• testing

PSAT 8/9

  • The PSAT 8/9 is a test for 8th and 9th graders that will help you and your teachers figure out what you need to work on most so that you’re ready for college when you graduate from high school. It tests the same skills and knowledge as the SAT, PSAT/NMSQT, and PSAT 10 — in a way that makes sense for your grade level.

    BENEFITS

    The PSAT 8/9 establishes a baseline measurement of your college and career readiness as you enter high school. It also gives you a chance to preview the SAT, PSAT/NMSQT, and PSAT 10 and connect to AP courses.

    View guides below for specific details on taking the test:

    Parent PSAT Guide | ENG
    Parent PSAT Guide | SPAN

MAP

  • You may be familiar with paper and pencil tests where all students are asked the same questions and spend a fixed amount of time taking the test. Measures of Academic Progress® (MAP®), created by Northwest Evaluation Association™ (NWEA™), is different. MAP is a computer adaptive test, which means every student gets a unique set of test questions based on responses to previous questions. As the student answers correctly, questions get harder. If the student answers incorrectly, the questions get easier. By the end of the test, most students will answer about half the questions correctly.

    What does MAP measure?

    MAP results are provided as a numerical RIT score. This score is used to measure a student’s achievement level at different times of the school year and compute growth. Think of this like marking height on a growth chart. You can tell how tall your child is at various points in time and how much they have grown between one time and another.

    What is a RIT score?

    After each MAP test, students receive a RIT score. Think of the score as a student’s height. The score reflects the student’s academic knowledge, skills, and abilities like inches reflect height.
    The RIT (Rasch Unit) scale is a stable, equal-interval scale, like feet and inches. Equal-interval means that a change of 10 RIT points indicates the same thing regardless of whether a student is at the top, bottom, or middle of the scale, and a RIT score has the same meaning regardless of grade level or age of the student. Scores over time can be compared to tell how much growth a student has made, similar to measuring height with a ruler.
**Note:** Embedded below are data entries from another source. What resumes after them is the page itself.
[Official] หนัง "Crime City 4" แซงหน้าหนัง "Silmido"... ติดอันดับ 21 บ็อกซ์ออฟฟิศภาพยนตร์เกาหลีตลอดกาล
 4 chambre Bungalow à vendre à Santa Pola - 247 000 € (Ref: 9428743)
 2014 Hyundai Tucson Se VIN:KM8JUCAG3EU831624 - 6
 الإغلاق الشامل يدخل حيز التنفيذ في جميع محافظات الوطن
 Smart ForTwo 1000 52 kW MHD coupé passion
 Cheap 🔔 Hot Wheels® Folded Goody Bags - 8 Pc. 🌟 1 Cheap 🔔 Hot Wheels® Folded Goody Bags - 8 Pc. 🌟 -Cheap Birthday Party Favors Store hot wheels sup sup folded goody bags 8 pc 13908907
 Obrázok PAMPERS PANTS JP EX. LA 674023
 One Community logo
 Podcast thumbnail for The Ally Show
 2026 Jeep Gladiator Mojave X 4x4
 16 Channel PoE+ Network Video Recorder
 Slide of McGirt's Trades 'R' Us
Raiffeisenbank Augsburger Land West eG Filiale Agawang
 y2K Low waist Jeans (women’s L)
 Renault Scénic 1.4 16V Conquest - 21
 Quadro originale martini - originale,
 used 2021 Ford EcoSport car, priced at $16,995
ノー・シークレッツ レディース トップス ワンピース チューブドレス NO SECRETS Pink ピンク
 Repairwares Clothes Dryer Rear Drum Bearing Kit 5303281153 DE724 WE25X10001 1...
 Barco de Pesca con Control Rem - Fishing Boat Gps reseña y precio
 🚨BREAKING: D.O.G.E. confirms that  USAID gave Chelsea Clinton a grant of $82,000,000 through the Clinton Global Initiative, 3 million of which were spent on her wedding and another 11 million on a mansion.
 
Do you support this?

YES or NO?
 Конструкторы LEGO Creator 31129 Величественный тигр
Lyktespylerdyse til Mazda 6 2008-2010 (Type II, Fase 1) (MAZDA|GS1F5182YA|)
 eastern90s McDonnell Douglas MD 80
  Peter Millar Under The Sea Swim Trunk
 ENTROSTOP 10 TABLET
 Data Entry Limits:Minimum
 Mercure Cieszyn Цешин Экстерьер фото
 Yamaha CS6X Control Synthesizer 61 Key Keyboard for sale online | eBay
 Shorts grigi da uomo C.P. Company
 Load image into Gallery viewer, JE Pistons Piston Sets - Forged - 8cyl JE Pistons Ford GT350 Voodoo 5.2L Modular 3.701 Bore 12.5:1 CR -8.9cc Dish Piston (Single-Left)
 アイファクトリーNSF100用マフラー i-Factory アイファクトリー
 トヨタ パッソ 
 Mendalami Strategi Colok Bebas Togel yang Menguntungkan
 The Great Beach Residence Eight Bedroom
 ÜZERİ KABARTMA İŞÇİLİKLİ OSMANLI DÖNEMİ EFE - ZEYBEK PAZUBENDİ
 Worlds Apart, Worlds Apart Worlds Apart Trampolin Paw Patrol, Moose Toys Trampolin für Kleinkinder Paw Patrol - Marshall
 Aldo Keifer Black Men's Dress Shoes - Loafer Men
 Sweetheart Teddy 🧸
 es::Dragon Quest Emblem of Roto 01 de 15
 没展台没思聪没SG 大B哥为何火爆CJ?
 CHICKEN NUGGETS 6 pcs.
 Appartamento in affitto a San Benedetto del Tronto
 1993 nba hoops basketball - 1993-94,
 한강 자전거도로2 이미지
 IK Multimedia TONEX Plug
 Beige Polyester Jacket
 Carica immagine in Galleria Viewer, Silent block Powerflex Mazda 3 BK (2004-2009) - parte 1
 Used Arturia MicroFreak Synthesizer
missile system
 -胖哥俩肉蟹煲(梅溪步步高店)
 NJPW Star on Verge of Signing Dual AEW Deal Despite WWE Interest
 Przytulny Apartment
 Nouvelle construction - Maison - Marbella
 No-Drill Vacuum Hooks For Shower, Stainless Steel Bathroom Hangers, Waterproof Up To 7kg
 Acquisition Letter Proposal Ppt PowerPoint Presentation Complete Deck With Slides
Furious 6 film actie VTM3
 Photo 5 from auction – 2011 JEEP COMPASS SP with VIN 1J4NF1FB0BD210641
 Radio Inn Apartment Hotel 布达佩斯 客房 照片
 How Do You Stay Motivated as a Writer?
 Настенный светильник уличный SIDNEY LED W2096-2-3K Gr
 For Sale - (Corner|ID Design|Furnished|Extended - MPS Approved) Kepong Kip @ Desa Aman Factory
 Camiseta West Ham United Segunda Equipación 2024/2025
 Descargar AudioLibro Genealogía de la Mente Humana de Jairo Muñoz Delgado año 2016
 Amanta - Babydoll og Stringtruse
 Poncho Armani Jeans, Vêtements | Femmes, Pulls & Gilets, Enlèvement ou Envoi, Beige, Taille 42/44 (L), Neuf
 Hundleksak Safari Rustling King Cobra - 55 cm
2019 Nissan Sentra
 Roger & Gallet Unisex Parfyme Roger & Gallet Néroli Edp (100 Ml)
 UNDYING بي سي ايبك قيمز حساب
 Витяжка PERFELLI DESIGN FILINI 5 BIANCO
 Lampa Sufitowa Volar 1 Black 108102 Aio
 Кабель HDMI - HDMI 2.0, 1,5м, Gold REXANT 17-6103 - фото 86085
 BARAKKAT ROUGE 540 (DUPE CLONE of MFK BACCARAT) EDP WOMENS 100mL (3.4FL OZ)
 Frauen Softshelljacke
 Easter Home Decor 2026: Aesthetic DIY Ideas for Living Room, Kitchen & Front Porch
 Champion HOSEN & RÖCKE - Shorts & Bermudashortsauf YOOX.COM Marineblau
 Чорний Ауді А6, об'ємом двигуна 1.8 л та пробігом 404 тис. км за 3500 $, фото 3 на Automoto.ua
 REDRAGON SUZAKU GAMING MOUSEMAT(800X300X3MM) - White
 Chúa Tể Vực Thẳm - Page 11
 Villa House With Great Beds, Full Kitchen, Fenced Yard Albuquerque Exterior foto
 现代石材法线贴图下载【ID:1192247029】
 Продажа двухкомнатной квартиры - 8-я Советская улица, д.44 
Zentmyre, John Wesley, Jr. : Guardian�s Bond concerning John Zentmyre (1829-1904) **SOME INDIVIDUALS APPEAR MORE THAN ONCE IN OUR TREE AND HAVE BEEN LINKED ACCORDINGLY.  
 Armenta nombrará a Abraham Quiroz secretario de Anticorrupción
    View guides below for more info:

    RIT Reference Charts-Examples
    General MAP Guide

    Parent MAP Guide

PARCC

  • Most states voluntarily adopted new, more rigorous academic standards in 2010 and 2011 and teachers have been using them since then in their daily instruction. As a result, states needed high-quality assessments aligned to those standards that would test students of all achievement levels on what they are learning.

    Many of the old state tests measured only lower-level skills. The new assessments serve as an "educational GPS system," measure students’ current performance, and point the way to what students need to learn by graduation so they are ready for college and/or a career.